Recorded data
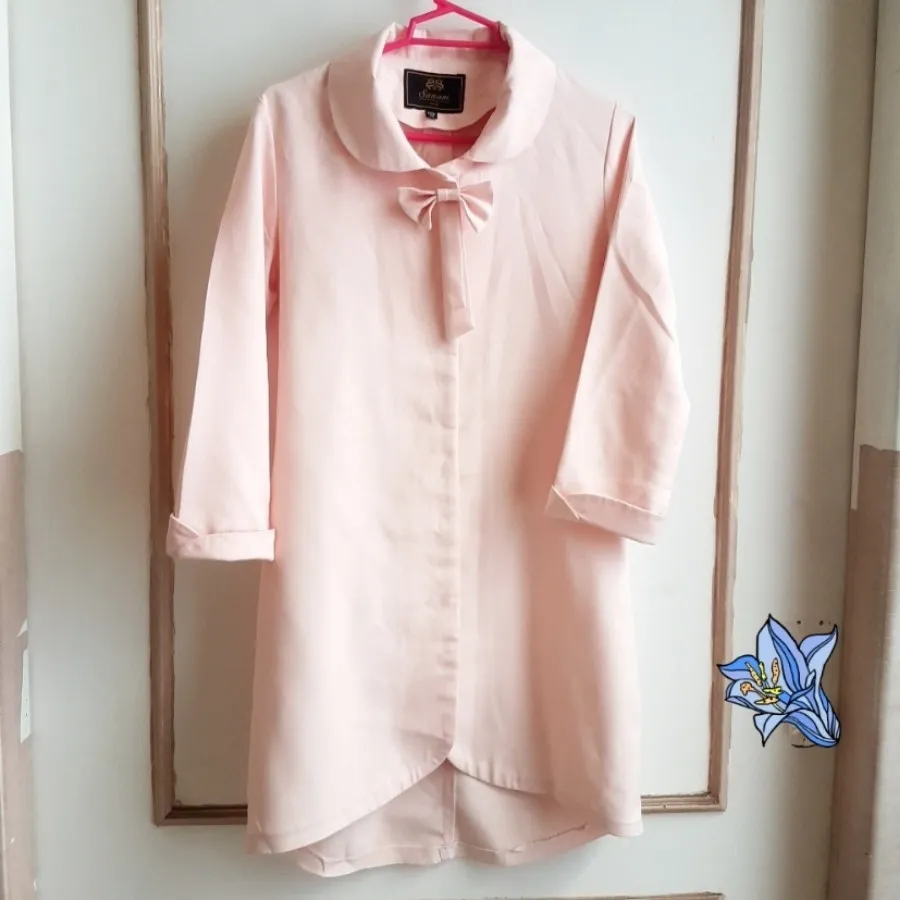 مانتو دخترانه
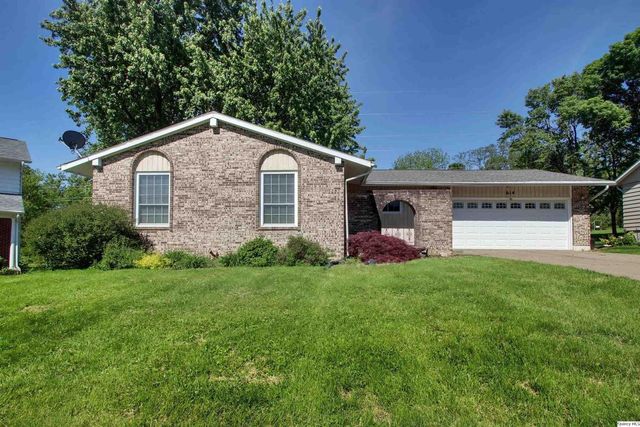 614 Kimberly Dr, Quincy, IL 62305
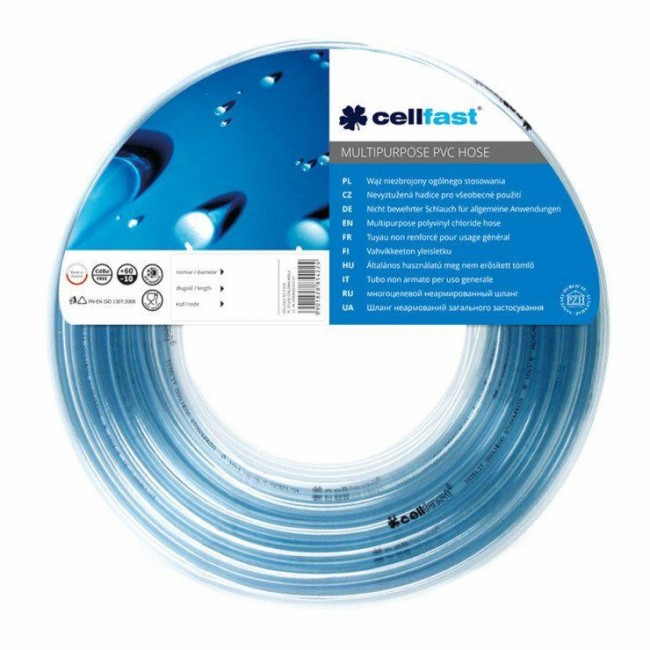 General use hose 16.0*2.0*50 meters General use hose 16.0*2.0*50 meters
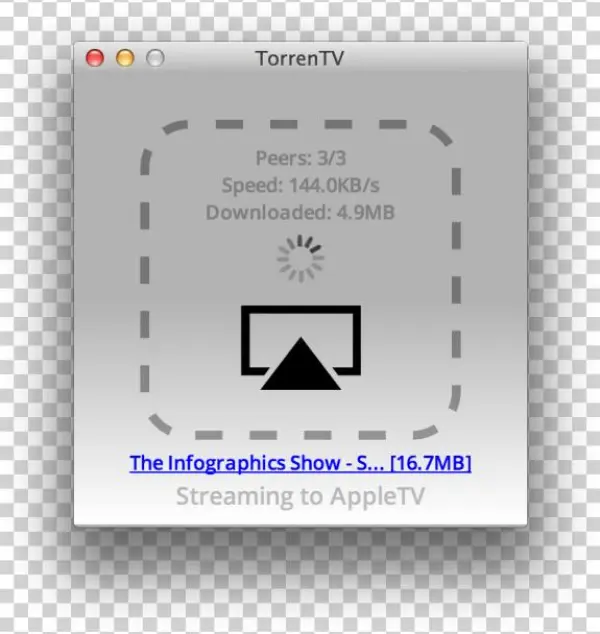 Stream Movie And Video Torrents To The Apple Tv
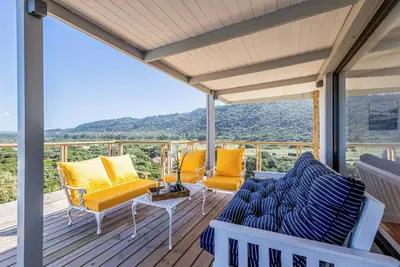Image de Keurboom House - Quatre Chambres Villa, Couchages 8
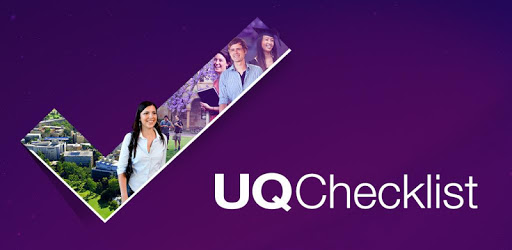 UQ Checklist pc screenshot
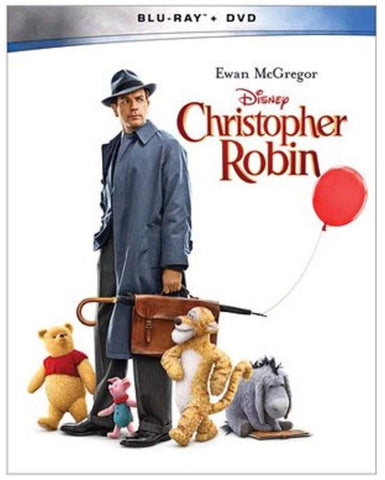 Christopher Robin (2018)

BRIEF — A word-for-word repeat of the lines from the line with "Stream Movie And" to the last line of the data, both ends included and pictures left out, is all that should appear.

ANSWER FOR THIS EXERCISE —
 Stream Movie And Video Torrents To The Apple Tv
Image de Keurboom House - Quatre Chambres Villa, Couchages 8
 UQ Checklist pc screenshot
 Christopher Robin (2018)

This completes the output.